JWH-363

Legal status
- Legal status: CA: Schedule II; UK: Class B;

Identifiers
- IUPAC name 1-Naphthyl{1-pentyl-5-[3-(trifluoromethyl)phenyl]-1H-pyrrol-3-yl}methanone;
- CAS Number: 914458-33-6;
- PubChem CID: 44418338;
- ChemSpider: 23277916;
- CompTox Dashboard (EPA): DTXSID701337009 ;

Chemical and physical data
- Formula: C_{27}H_{24}F_{3}NO
- Molar mass: 435.490 g·mol^{−1}
- 3D model (JSmol): Interactive image;
- SMILES CCCCCN1C=C(C=C1C2=CC(=CC=C2)C(F)(F)F)C(=O)C3=CC=CC4=CC=CC=C43;
- InChI InChI=1S/C27H24F3NO/c1-2-3-6-15-31-18-21(17-25(31)20-11-7-12-22(16-20)27(28,29)30)26(32)24-14-8-10-19-9-4-5-13-23(19)24/h4-5,7-14,16-18H,2-3,6,15H2,1H3; Key:GETLFVZYXNFVJS-UHFFFAOYSA-N;

= JWH-363 =

Chemical compound

JWH-363 (1-Naphthyl{1-pentyl-5-[3-(trifluoromethyl)phenyl]-1H-pyrrol-3-yl}methanone) is a synthetic cannabinoid from the naphthoylpyrrole family which acts as an agonist of the CB_{1} (K_{i} = 245 ± 5nM) and CB_{2} (K_{i} = 71 ± 1nM) receptors, with a moderate (~3.45x) selectivity for the latter. JWH-363 was first synthesized in 2006 by John W. Huffman and colleagues to examine the nature of ligand binding to the CB_{1} receptor.

==Legality==
In the United States JWH-363 is not federally scheduled, although some states have passed legislation banning the sale, possession, and manufacture of JWH-363.

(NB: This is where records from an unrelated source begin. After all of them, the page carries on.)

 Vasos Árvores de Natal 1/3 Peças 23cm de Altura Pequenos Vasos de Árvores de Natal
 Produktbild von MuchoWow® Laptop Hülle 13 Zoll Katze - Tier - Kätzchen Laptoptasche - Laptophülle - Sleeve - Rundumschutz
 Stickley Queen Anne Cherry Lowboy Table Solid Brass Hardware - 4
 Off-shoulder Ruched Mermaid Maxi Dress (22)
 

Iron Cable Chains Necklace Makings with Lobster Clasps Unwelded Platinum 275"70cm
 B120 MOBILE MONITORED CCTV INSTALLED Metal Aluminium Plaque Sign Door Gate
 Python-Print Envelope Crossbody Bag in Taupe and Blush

In Canada, JWH-363 and other naphthoylpyrrole-based cannabinoids are Schedule II controlled substances under the Controlled Drugs and Substances Act.

In the United Kingdom, JWH-363 and other naphthoylpyrrole-based cannabinoids are considered Class B drugs under the Misuse of Drugs Act 1971.